LinWeizheDragon / FLMR

The huggingface implementation of Fine-grained Late-interaction Multi-modal Retriever.
65 stars 4 forks source link

结果复现问题 #26

Closed xiewen354 closed 1 month ago

xiewen354 commented 1 month ago

Hello. I ran example_use_preflmr.py for EVQA according to your github code and huggingface's checkpoint, but I couldn't reproduce the PR@5=73.1 you reported in your paper. I used the parameters you mentioned on GitHub, why is that?
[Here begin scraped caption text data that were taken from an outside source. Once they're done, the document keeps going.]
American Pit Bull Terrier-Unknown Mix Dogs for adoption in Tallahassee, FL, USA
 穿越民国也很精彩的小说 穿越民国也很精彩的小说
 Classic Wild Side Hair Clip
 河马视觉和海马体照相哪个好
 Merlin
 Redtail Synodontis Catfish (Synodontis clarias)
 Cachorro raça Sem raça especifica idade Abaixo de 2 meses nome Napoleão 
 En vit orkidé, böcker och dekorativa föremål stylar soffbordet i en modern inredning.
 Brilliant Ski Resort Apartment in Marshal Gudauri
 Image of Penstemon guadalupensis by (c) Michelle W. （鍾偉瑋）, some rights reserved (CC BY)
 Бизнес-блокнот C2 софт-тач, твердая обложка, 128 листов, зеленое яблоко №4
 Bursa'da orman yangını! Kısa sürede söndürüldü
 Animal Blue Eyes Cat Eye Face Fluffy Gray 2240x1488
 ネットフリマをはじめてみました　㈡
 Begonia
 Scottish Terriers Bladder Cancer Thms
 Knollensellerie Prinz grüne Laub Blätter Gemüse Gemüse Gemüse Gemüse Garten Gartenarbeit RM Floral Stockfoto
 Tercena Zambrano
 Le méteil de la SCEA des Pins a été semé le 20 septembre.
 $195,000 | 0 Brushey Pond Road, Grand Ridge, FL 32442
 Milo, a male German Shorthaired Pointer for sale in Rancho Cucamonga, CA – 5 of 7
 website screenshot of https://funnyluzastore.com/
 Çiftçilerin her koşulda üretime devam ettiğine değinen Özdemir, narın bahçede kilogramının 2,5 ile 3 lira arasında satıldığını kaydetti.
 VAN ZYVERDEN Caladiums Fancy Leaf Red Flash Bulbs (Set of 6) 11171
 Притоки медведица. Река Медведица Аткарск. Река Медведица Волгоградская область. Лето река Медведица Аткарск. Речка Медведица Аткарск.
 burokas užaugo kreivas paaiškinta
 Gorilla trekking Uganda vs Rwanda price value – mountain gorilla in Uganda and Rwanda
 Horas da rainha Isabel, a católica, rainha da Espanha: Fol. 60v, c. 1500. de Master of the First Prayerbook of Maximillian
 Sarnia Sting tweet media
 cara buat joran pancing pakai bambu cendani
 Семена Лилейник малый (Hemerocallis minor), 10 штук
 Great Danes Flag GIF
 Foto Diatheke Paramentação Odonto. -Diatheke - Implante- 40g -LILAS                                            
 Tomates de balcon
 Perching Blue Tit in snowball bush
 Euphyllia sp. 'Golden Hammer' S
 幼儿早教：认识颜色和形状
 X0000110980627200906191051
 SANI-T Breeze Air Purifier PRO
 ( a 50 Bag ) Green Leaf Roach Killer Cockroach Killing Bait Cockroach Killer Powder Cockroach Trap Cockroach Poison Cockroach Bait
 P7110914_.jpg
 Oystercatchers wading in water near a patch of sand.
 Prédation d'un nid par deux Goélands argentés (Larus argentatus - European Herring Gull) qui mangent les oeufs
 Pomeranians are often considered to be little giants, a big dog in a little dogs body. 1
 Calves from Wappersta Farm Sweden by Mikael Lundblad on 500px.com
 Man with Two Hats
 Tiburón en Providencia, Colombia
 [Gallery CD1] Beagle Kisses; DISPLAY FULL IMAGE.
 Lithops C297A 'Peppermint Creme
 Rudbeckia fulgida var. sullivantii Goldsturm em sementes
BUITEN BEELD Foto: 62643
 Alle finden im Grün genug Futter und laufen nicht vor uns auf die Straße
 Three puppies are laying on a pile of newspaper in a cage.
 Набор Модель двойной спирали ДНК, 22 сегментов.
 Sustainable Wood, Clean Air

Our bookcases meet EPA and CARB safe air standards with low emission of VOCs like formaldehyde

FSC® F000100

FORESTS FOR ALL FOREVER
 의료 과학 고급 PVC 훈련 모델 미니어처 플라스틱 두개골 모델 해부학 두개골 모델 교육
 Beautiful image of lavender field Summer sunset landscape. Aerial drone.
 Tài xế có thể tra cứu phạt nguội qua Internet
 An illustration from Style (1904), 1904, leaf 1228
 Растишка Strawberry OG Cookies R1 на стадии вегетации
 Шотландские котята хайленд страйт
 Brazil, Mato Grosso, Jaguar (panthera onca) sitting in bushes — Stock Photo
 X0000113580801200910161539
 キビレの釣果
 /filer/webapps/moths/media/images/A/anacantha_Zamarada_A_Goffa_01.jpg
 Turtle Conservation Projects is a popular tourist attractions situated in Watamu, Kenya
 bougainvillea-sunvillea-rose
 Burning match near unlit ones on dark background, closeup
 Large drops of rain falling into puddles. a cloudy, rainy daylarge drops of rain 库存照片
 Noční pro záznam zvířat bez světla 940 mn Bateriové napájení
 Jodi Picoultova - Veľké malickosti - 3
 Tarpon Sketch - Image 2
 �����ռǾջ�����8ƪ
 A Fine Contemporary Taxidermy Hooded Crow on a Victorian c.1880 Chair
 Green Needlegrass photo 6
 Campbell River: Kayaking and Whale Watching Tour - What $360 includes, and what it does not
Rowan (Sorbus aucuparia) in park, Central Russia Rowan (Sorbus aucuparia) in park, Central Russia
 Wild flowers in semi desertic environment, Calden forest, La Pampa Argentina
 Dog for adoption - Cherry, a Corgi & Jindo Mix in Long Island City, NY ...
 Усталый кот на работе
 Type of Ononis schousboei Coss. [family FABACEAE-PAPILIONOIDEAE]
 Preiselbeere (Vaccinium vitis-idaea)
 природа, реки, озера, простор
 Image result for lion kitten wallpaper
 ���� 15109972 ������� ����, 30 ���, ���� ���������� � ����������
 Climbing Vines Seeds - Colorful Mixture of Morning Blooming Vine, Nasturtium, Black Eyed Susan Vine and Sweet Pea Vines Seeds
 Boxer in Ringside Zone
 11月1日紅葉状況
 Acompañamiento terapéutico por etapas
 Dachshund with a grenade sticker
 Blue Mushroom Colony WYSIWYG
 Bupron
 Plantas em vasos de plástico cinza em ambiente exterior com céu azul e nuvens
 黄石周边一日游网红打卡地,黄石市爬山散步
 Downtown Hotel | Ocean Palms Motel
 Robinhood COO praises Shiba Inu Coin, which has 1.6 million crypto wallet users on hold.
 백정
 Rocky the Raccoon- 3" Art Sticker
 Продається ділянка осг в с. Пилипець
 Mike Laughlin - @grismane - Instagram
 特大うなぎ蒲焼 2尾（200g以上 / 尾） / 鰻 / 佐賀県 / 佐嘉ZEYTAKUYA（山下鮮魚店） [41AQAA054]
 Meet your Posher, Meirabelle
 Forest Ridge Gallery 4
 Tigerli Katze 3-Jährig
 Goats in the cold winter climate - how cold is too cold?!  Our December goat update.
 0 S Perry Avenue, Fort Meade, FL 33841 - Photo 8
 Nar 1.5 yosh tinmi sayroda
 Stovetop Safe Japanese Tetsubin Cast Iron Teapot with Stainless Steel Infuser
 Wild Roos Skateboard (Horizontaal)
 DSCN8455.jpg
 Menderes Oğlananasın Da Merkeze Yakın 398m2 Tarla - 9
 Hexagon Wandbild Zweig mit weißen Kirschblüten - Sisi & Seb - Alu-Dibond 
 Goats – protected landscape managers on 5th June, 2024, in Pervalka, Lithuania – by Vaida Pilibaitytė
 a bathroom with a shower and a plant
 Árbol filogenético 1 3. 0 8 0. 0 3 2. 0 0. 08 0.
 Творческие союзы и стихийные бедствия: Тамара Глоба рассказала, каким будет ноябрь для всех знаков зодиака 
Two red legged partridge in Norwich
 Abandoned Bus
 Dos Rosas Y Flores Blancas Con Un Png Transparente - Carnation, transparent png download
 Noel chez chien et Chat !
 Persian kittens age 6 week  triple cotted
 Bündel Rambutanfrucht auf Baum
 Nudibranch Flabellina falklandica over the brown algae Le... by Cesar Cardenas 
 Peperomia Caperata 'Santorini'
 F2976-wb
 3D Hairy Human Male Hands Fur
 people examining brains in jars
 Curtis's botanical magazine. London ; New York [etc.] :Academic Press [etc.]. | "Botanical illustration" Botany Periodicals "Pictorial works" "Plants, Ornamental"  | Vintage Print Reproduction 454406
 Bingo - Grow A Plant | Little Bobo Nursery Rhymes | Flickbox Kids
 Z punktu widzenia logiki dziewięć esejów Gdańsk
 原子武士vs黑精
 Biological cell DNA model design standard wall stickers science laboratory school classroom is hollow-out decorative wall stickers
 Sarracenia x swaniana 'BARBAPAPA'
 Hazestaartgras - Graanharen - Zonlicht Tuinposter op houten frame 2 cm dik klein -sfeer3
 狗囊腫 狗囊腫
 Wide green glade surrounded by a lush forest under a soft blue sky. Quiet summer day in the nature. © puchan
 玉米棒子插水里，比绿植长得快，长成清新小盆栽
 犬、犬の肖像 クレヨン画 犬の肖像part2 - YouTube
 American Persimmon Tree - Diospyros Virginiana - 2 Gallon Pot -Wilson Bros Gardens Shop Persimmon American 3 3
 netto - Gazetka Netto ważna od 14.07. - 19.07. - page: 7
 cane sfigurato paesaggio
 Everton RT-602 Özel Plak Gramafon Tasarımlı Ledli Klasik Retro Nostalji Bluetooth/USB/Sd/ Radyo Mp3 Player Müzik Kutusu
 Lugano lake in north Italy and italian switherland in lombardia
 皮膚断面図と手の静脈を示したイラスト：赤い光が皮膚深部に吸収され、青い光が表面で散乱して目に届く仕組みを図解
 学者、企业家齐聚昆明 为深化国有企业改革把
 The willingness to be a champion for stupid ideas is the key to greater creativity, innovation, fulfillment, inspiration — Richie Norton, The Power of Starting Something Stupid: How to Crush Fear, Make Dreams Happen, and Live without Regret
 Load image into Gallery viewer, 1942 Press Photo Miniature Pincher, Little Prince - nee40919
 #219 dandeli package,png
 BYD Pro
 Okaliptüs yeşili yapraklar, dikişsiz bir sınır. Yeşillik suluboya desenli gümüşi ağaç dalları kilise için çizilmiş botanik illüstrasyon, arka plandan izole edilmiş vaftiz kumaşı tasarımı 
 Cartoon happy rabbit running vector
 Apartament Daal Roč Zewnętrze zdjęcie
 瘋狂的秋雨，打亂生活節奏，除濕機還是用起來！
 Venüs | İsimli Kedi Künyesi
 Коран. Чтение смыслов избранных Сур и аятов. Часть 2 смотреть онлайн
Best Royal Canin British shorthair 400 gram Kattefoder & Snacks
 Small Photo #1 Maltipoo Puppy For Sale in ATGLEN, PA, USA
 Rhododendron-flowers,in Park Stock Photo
Do I need to change the code or parameters? Below I run out the results and parameters 你好。 我根据你在github的代码和huggingface的checkpoint,针对EVQA跑了example_use_preflmr.py,但是我没能复现出你在论文中报告的PR@5=73.1.我使用的参数就是你在GitHub提到的,这是什么原因呢?是不是我需要修改代码或者参数?,下面的我跑出的结果和参数

EVQA /nas-alinlp/xiewen.xie/models/LinWeizheDragon/PreFLMR_ViT-G Total number of questions: 3750 Pseudo Recall@1: 0.5096 Pseudo Recall@5: 0.7194666666666667 Pseudo Recall@10: 0.7861333333333334 Pseudo Recall@20: 0.8341333333333333 Pseudo Recall@50: 0.8848 Pseudo Recall@100: 0.9090666666666667 Pseudo Recall@500: 0.9349333333333333 Recall@1: 0.40266666666667 Recall@5: 0.624 Recall@10: 0.703733333333333333 Recall@20: 0.7805333333333333 Recall@50: 0.8616 Recall@100: 0.910933333333333334 Recall@500: 0.9621333333333333

source activate /nas-alinlp/xiewen.xie/envs/FLMR python example_use_preflmr.py \ --use_gpu --run_indexing \ --index_root_path "." \ --index_name EVQA_PreFLMR_ViT-G \ --experiment_name EVQA \ --indexing_batch_size 64 \ --image_root_dir /nas-alinlp/xiewen.xie/DATASETS/EVQA_img \ --dataset_hf_path /nas-alinlp/xiewen.xie/DATASETS/BByrneLab/multi_task_multi_modal_knowledge_retrieval_benchmark_M2KR \ --dataset EVQA \ --use_split test \ --nbits 8 \ --Ks 1 5 10 20 50 100 500 \ --checkpoint_path /nas-alinlp/xiewen.xie/models/LinWeizheDragon/PreFLMR_ViT-G \ --image_processor_name /nas-alinlp/xiewen.xie/models/laion/CLIP-ViT-bigG-14-laion2B-39B-b160k \ --query_batch_size 8 \ --compute_pseudo_recall \

LinWeizheDragon commented 1 month ago

Hi, the pre-trained checkpoint achieves 0.721 on our side - there might be some very small differences with the number in the paper due to the checkpoint conversion from Pytorch to Huggingface after pre-training. See the note herre.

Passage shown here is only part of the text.